When you use the .new() method on a DataBlock, it creates a new DataBlock object that inherits the properties of the original DataBlock but allows you to modify specific parameters.

Training

bears = bears.new(
	item_tfms=RandomResizedCrop(224, min_scale=0.5),
	batch_tfms=aug_transforms()
) 
dls = bears.dataloaders(path)

learn = vision_learner(dls, resnet18, metrics=error_rate) 
learn.fine_tune(4)

Confusion Matrix

  • The confusion matrix is a tool used in machine learning to evaluate the performance of a classification model.

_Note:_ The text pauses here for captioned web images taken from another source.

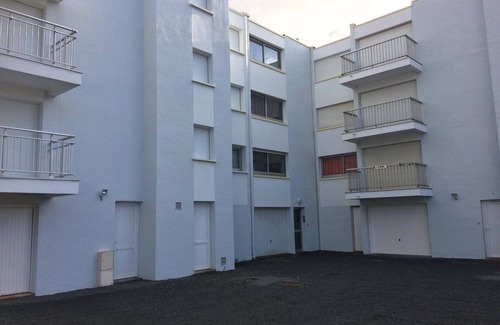 Sainte-Cecile-Plage Apartment | Discover Studio Casa Marina with Ocean View & Pool Access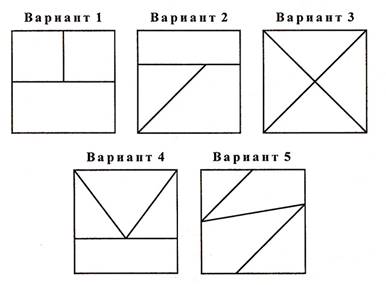 Упражнения для развития способностей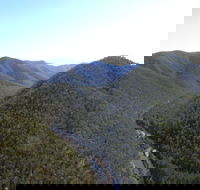 Guy Fawkes River National Park - SA Accommodation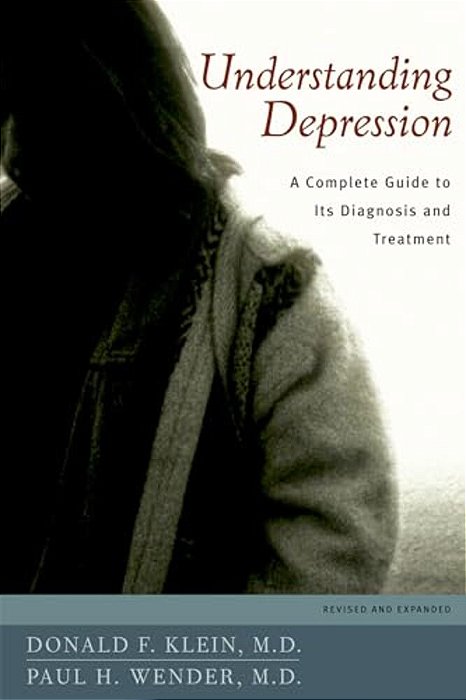 Understanding Depression: A Complete Guide To Its Diagnosis And Treatment-..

It shows the actual versus the predicted classifications made by the model.
  • To visualize how our model is, we can create a confusion matrix:
interp = ClassificationInterpretation.from_learner(learn)
interp.plot_confusion_matrix()

  • The rows represent all the black, grizzly, and teddy bears in our dataset, respectively.
  • The diagonal of the matrix shows the images that were classified correctly, and the off-diagonal cells represent those that were classified incorrectly.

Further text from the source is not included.